1. Could someone help me with the following two questions. I'm not sure how to go about either of them, although I know the general methods for solving questions like the 2nd one (ie. you use the chain rule), it's just I can't seem to work it out! Thanks

1) By using differentiation find approximate value for (27.005)^[2/3]

2) A variable rectangle is inscribed in a circle of diameter 20cm. At a certain instant one side is 16cm long and it is increasing at a constant rate of 0.75cm/s. Find the rate at which the shorter sides are changing.
2. (Original post by Hoofbeat)
Could someone help me with the following two questions. I'm not sure how to go about either of them, although I know the general methods for solving questions like the 2nd one (ie. you use the chain rule), it's just I can't seem to work it out! Thanks

1) By using differentiation find approximate value for (27.005)^[2/3]
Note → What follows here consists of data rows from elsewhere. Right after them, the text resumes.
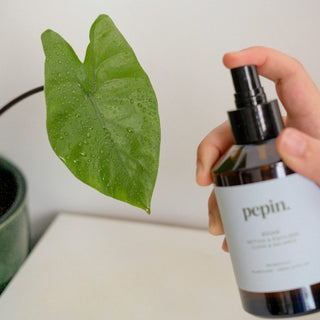 Spray per la pulizia e la salute delle foglie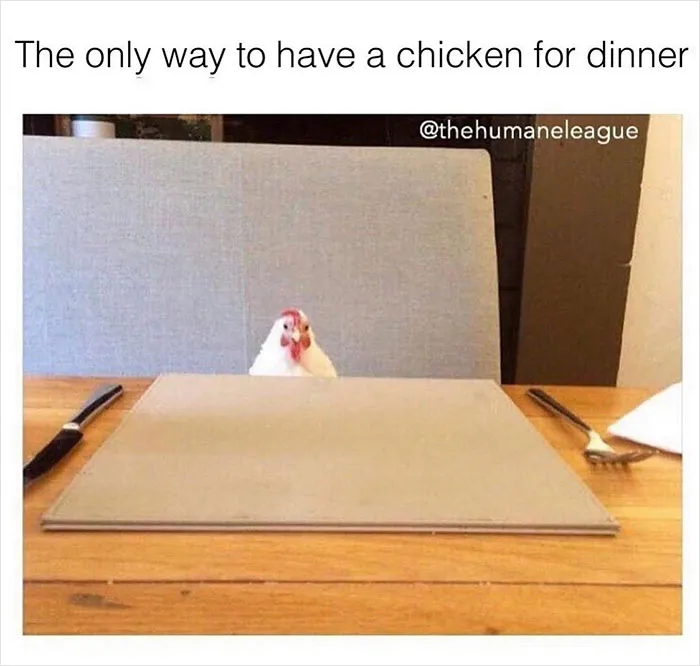 Over 350k People Follow This Instagram Account Dedicated To “Vegan Sarcasm” And Here Are 30 Of The Funniest Memes Posted There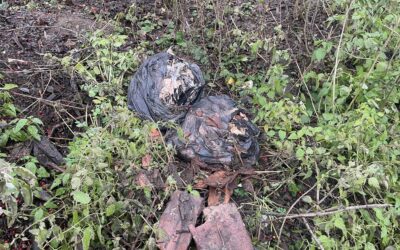 Vyhozené ostatky zvířat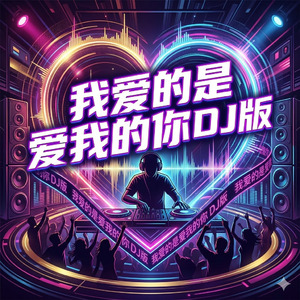 我爱的是爱我的你(DJ版)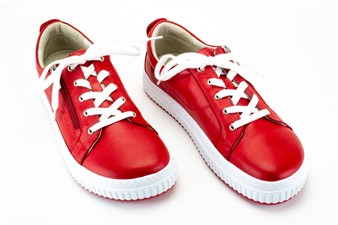 ROOD LAGE  MET ROOD AAN ZOOL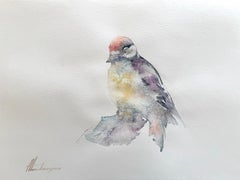 Woodpecker-Vogel-Aquarell auf Papier, handgefertigtes Gemälde, einzigartig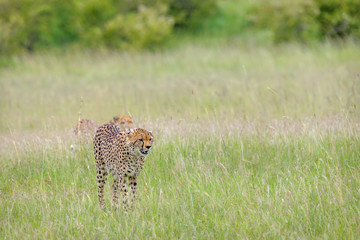 cheetah © Herbert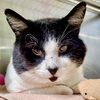Zorro - Photo 6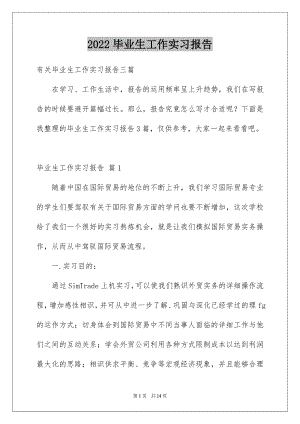 2022毕业生工作实习报告范文.docx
2) A variable rectangle is inscribed in a circle of diameter 20cm. At a certain instant one side is 16cm long and it is increasing at a constant rate of 0.75cm/s. Find the rate at which the shorter sides are changing.
Is the answer to Q2 -1 cm/s? I'll post why if it's right!
3. (Original post by Bezza)
Is the answer to Q2 -1 cm/s? I'll post why if it's right!
YES! WELL DONE! Plese show me thanks! <makes note to give Bezza rep for answering so quickly>
4. Sorry I took so long - confused myself with letters when I tried to change them all for typing up! If you label the diagram as shown (a and s are the lengths of the whole sides), using right angled triangles you get a = 2*10sinx, s = 2*10cosx. Initial conditions are a = 16, da/dt = 3/4 cm/s. We need ds/dt = ds/dx*dx/dt

As a = 16, sinx = 4/5, cosx = 3/5, tanx = 4/3
ds/dx = -20sinx
At a = 16 cm, ds/dt = -20*4/5*dx/dt = -16*dx/dt

da/dx = 20cosx
dx/dt = dx/da*da/dt = 1/(20cosx)*3/4 = 3/(80cosx) = 3/(80*3/5) = 1/16 rad/s so ds/dt = -16*1/16 = -1 cm/s
Attached Images

5. For the first part, there is a specific approximation equation using a derivative ... can't remember it but you put f(x) equal to x^(2/3) and use some substitution to get it... I did that a while ago but couldn't find it on a search.
6. (Original post by Hoofbeat)
1) By using differentiation find approximate value for (27.005)^[2/3]
I've been thinking about this and although I can't remember I think this may be what they want
Let y = x^(2/3)
dy/dx = 2/3*x^(-1/3) approximately equal to change in y/change in x (delta y/delta x) for small x so delta y = 2/3*x^(-1/3)*(delta x) (approximately)
If you let x=27 and delta x = 0.005, (27.005)^(2/3) = y + delta y = 27^(2/3) + 2/3*27^(-1/3)*0.005 = 9 + 2/9*0.005 = 9.00111 (approx) which you can check on a calculator

Also, was it you who neg repped me for my earlier post? The comment said it was helpful and had a smily but I got a red gem and lost 3 points
7. (Original post by Bezza)
Also, was it you who neg repped me for my earlier post? The comment said it was helpful and had a smily but I got a red gem and lost 3 points
Thanks for your help! I repped you only about 15mins ago (couldn't do it earlier as had to wait 24hrs) and wrote "Thanks for all your help" and I'm sure I clicked "approve of post"!!! If it was I'm really really really sorry and I'll rep you every day for the next few days! lol
8. (Original post by Hoofbeat)
Thanks for your help! I repped you only about 15mins ago (couldn't do it earlier as had to wait 24hrs) and wrote "Thanks for all your help" and I'm sure I clicked "approve of post"!!! If it was I'm really really really sorry and I'll rep you every day for the next few days! lol
It was you then - at least now I can say I've had some neg rep! Don't worry about it though, it doesn't matter!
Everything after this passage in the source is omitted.